TASK STATEMENT >>
Track down every line below that holds "image" and copy it.

SOURCE MATERIAL >>
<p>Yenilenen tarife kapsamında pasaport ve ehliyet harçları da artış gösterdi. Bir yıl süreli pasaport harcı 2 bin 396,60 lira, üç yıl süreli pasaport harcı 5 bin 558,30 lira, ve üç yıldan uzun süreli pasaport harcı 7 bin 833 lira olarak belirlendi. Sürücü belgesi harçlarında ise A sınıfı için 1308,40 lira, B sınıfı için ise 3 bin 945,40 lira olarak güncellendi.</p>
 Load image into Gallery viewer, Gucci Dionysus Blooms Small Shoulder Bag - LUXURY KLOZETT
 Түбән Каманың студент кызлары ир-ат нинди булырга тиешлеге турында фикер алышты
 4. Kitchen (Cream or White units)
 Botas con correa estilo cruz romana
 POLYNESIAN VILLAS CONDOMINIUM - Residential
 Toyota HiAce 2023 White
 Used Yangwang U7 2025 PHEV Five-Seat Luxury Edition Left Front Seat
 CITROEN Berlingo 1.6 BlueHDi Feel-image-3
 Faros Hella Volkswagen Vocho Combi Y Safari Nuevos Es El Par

RESPONSE BOX >>
 Load image into Gallery viewer, Gucci Dionysus Blooms Small Shoulder Bag - LUXURY KLOZETT
 CITROEN Berlingo 1.6 BlueHDi Feel-image-3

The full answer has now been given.